Non-linear diophantine equation Let $k$ and $n$ be positive integers and $y(n-x)=(k+nx)$.
What is the condition of $k$ and $n$ such that there exist positive integers $x, y$ as the solution of $y(n-x)=(k+nx)$?
 A: Since 
$$y(n-x)=k+nx\iff y=\frac{k+nx}{n-x}=-n-\frac{n^2+k}{x-n}\ \text{and}\ x-n\not=0,$$
$x-n$ has to be a divisor $d$ of $n^2+k$.
Then, $$x=n+d,\ \ y=-n-\frac{n^2+k}{d}$$
are integers.
Hence, the answer is the following :
Condition of $k,n$ : There exists a divisor $d$ of $n^2+k$ such that 
$$n+d\gt 0\ \ \text{and}\ \ -n-\frac{n^2+k}{d}\gt 0.$$
By the way, if $d\gt 0$, then $-n-\frac{n^2+k}{d}\lt 0$, which is a contradiction. So, we have $d\lt 0$.
Hence, the above condition can be written as the following.

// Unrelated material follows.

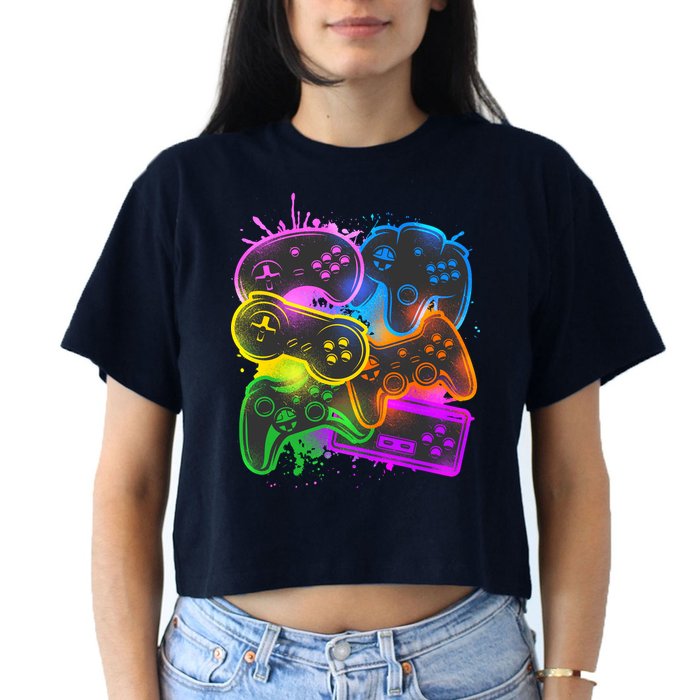 Cool Retro Neon Graffiti Video Game Controllers Women's Crop Top Tee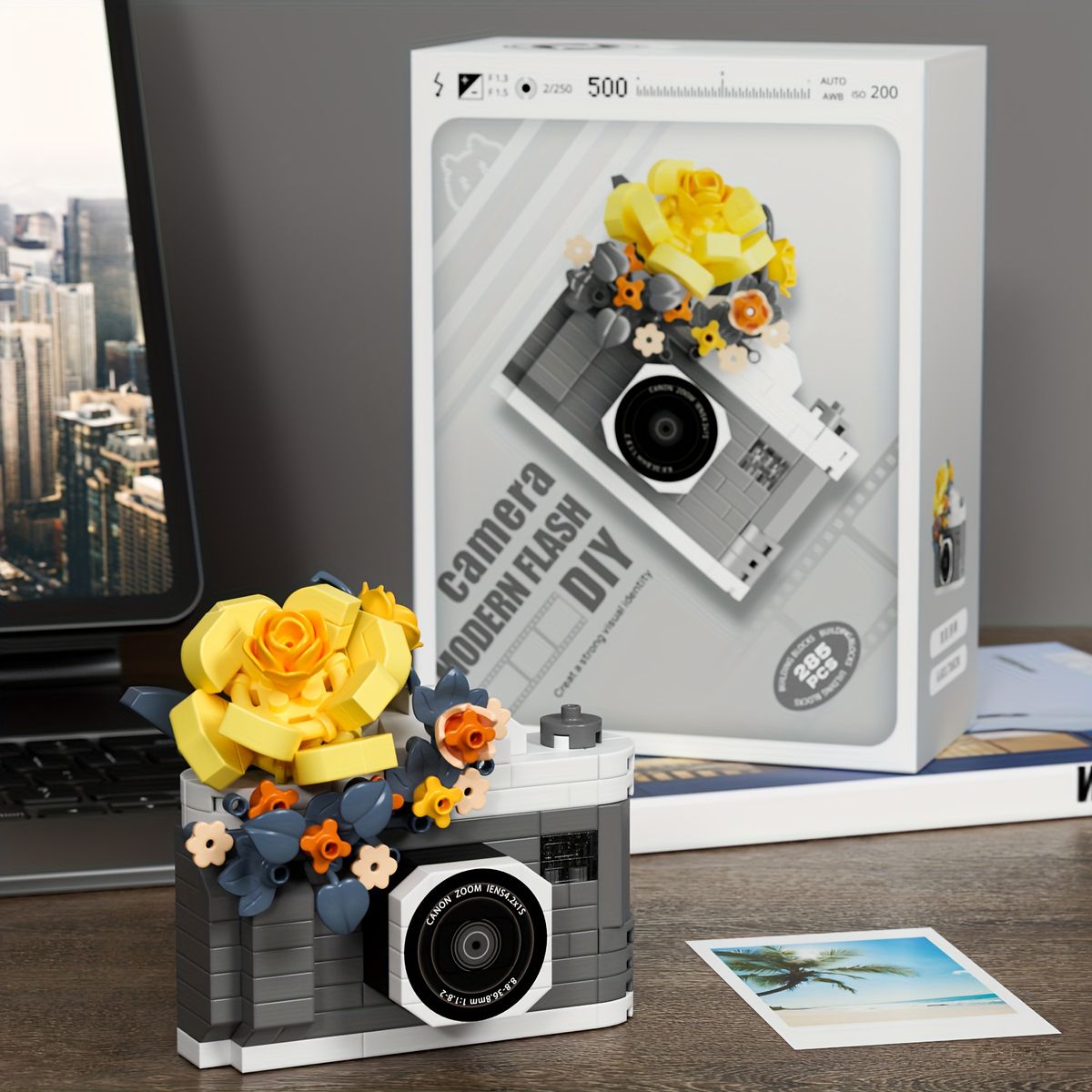 花ブロックベーシックに新デザインが登場｜花ブロック／株式会社クラスプラス Flood Force花柄のカメラビルディングブロックで作られた美しくクリエイティブな DIY デスクトップ装飾品。親友への贈り物に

Condition of $k,n$ : There exists a negative divisor $d$ of $n^2+k$ such that $$d\gt -n.$$
A: I think you can make it easier. Equation:
$$y(q-x)=k+qx$$
Can be rewritten in this form. And lay on the multipliers.
$$(x-q)(y+q)=-k-q^2=ab$$
Then the solutions are.
$$x=q+a$$
$$y=b-q$$
A: Given $n \gt 1$ and $k \gt 0,$ the equation $$y(n-x)=k+nx\tag{*}$$ always has the boring positive solution $x=n-1$ and $y=k+n(n-1).$ 
This is the case $e=1$ of  the condition  for a solution:
$$n^2+k \text{ has a divisor } 0 \lt e \lt n. $$
The solutions to (*) are the pairs $(x,y)=(n-e,\frac{n^2+k}{e}-n)$ as $e$ ranges over these divisors.
To prove this claim, follow the analysis of @mathlove:
A positive solution $x,y \gt 0$ to  $y(n-x)=k+nx$ requires $n \gt x \gt 0.$  Any such $x$ will give a positive $y$, although it may not be an integer. To find the condition for $y$ to be an integer, let $e=n-x$ so that $$y=\frac{nx+k}{n-x}=\frac{n^2+k}{n-x}-n=\frac{n^2+k}{e}-n.$$ 
Note that $y \gt 0$ as long as $0 \lt e \lt n+\frac{k}{n},$ but $x=n-e \gt 0$ gives the stronger restriction $0 \lt e \lt n.$
A: The solution to the equation is:
$x=(p-q)^{2}$
$y=(p+q)^{2}$
$n=r(p^{2}-q^{2})^{2}$
$k=(p^{2}-q^{2})^{2}(4p q r -1)$
Here $p, q, r$ are positive parameters with $p>q$.
If $p=2; q=1; r=1$ then
$x=1; y=9; n=9;  k=63$
and so on…